- Task details -
Below is a block of records: output all of them exactly and leave out the pictures.

● ● ● ●

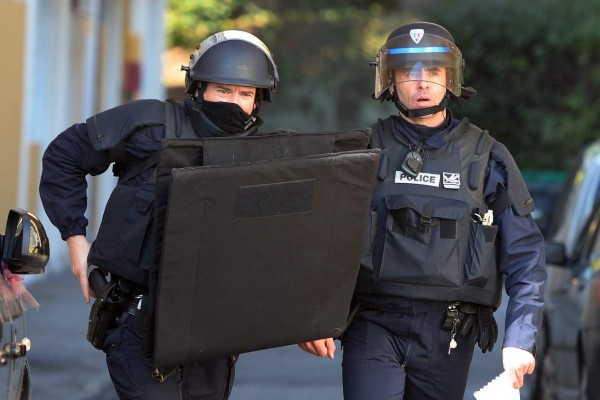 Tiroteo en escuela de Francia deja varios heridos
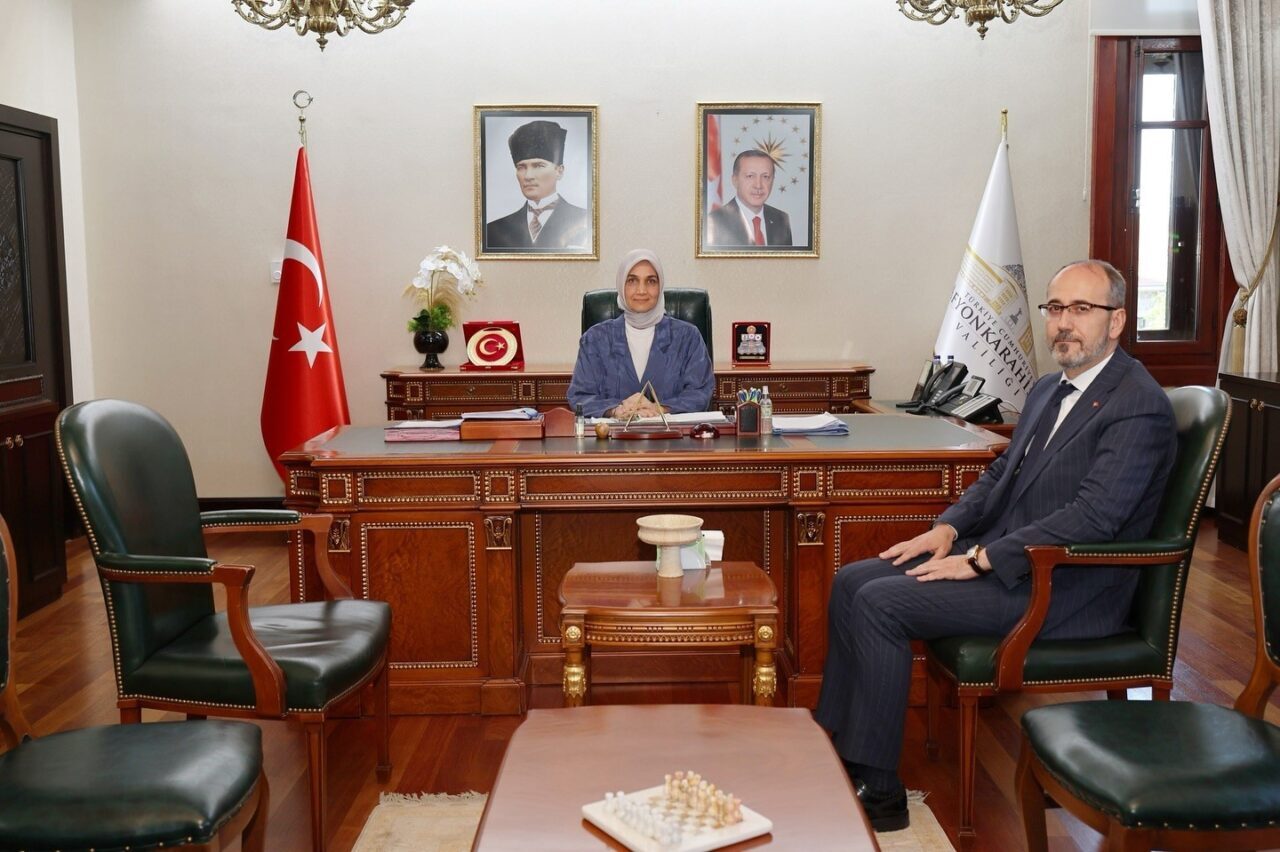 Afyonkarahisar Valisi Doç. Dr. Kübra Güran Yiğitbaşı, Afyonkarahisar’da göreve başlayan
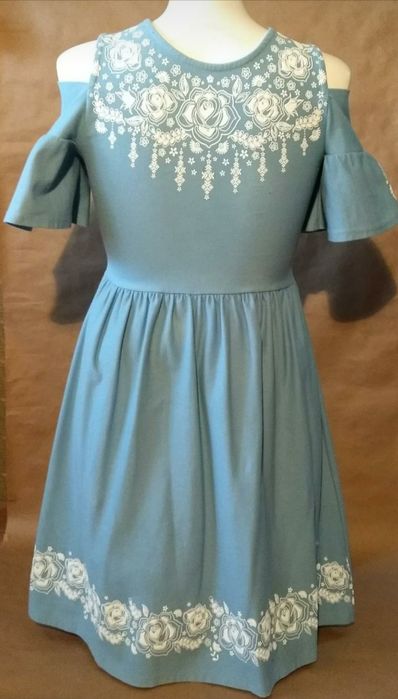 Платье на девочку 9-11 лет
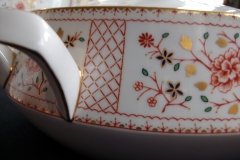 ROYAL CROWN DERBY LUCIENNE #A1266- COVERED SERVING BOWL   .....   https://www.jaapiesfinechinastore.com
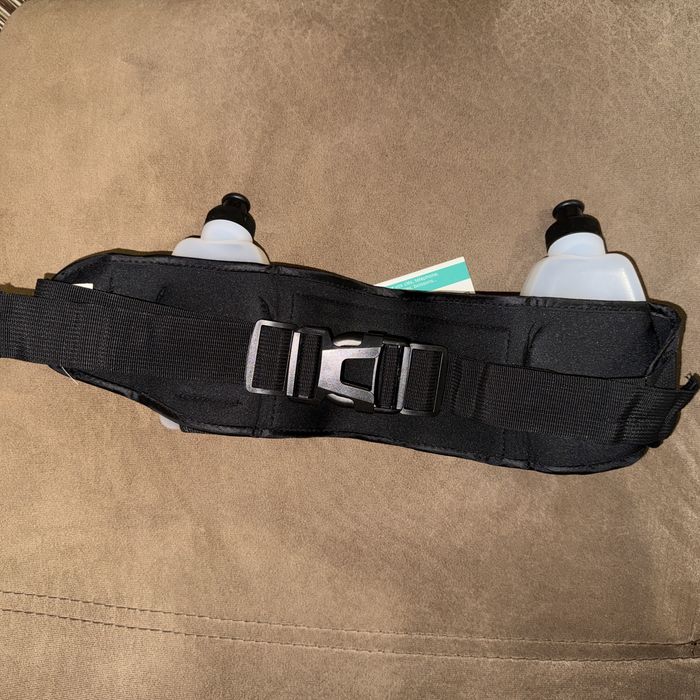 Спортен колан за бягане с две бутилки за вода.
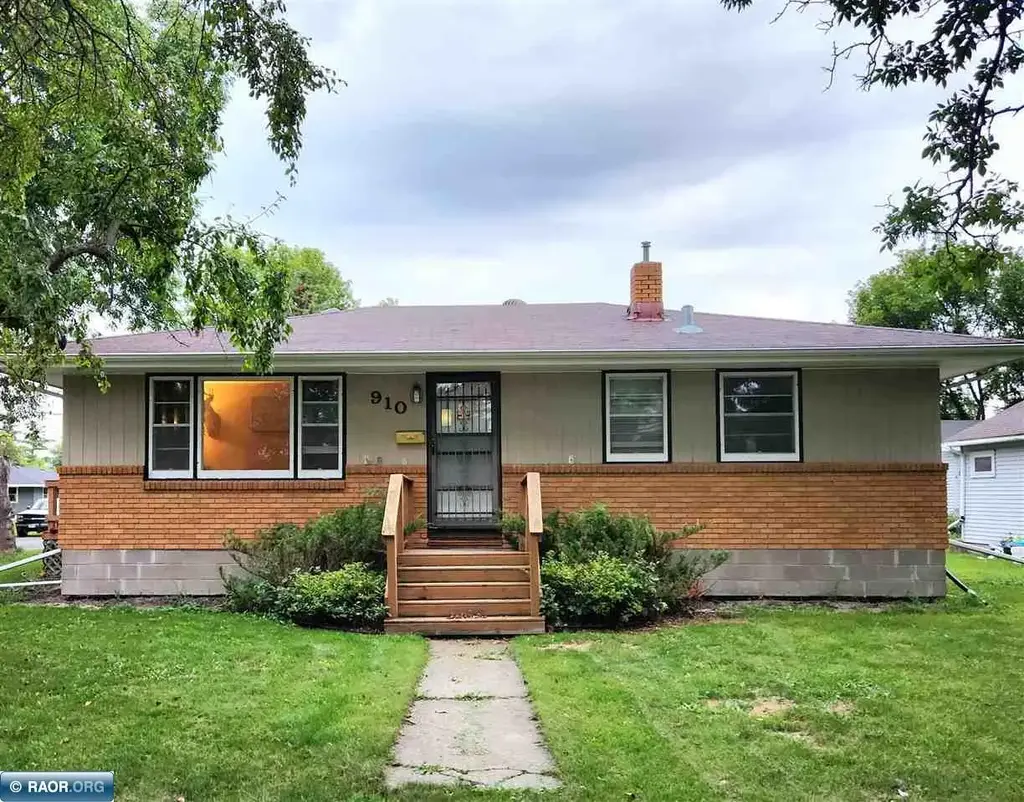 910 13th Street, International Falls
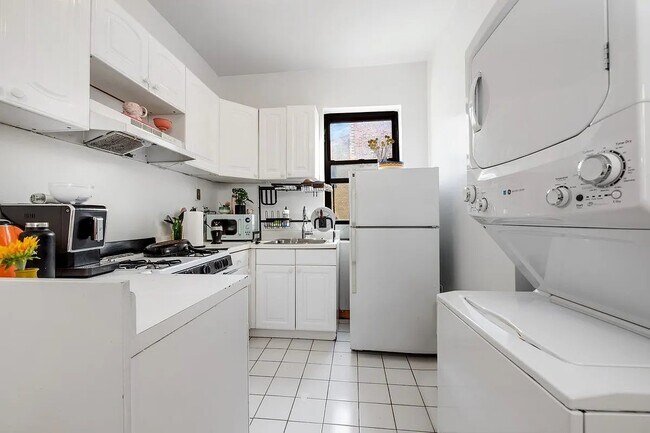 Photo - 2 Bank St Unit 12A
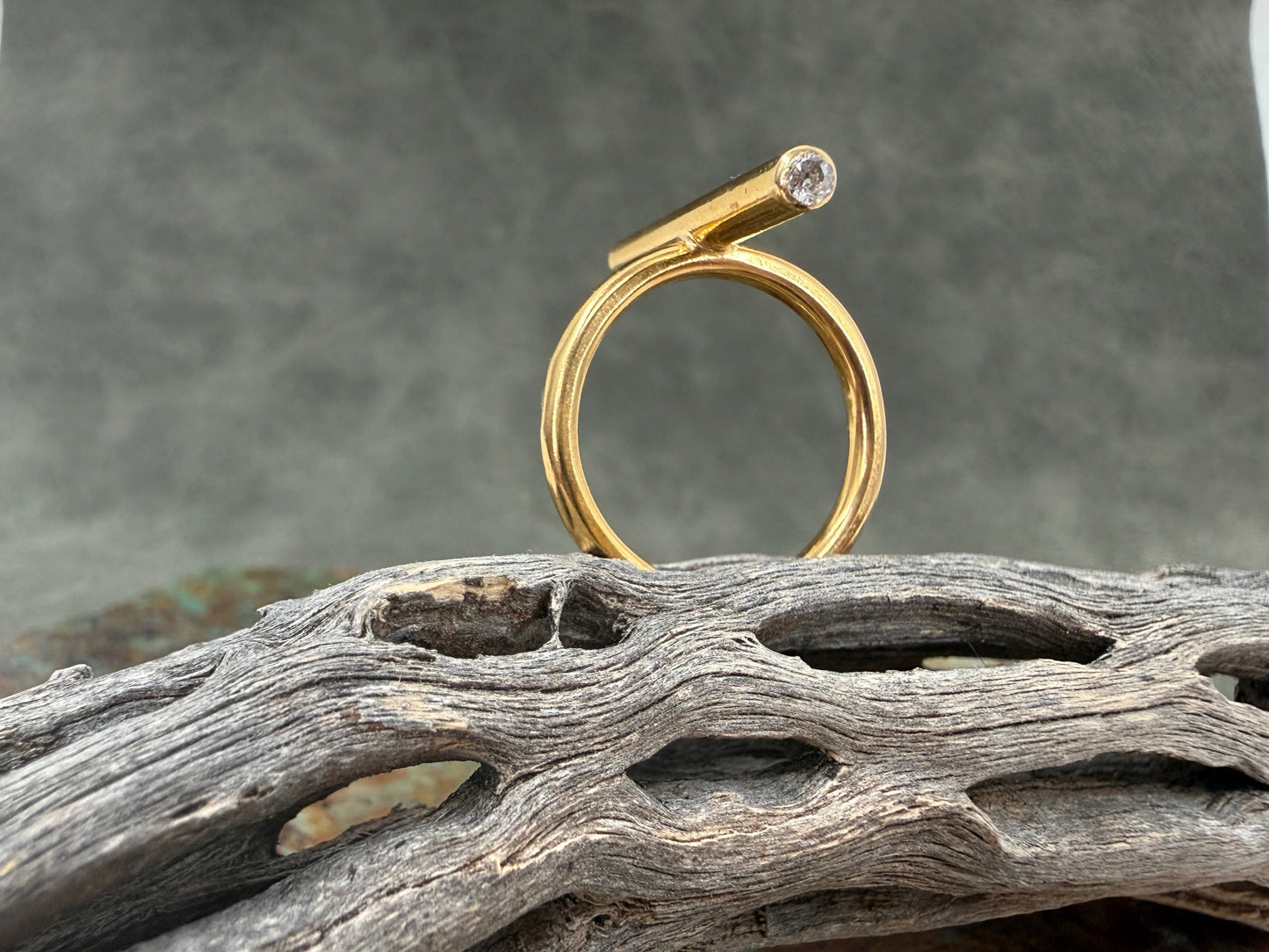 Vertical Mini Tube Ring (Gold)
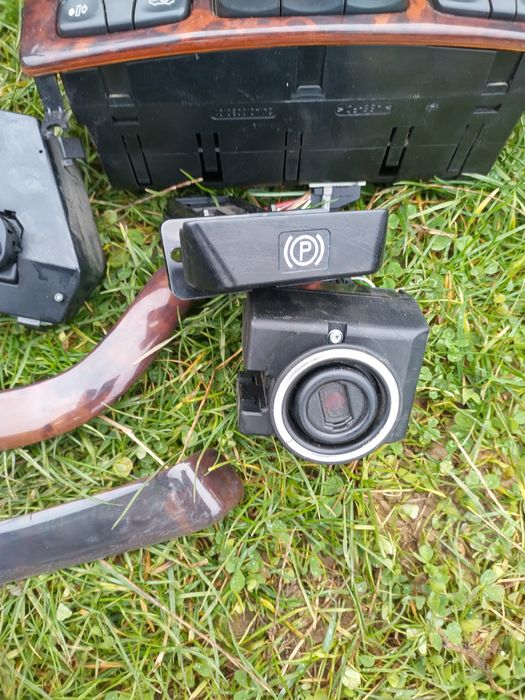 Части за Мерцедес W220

● ● ● ●

- Result of this task -
 Tiroteo en escuela de Francia deja varios heridos
 Afyonkarahisar Valisi Doç. Dr. Kübra Güran Yiğitbaşı, Afyonkarahisar’da göreve başlayan
 Платье на девочку 9-11 лет
 ROYAL CROWN DERBY LUCIENNE #A1266- COVERED SERVING BOWL   .....   https://www.jaapiesfinechinastore.com
 Спортен колан за бягане с две бутилки за вода.
 910 13th Street, International Falls
 Photo - 2 Bank St Unit 12A
 Vertical Mini Tube Ring (Gold)
 Части за Мерцедес W220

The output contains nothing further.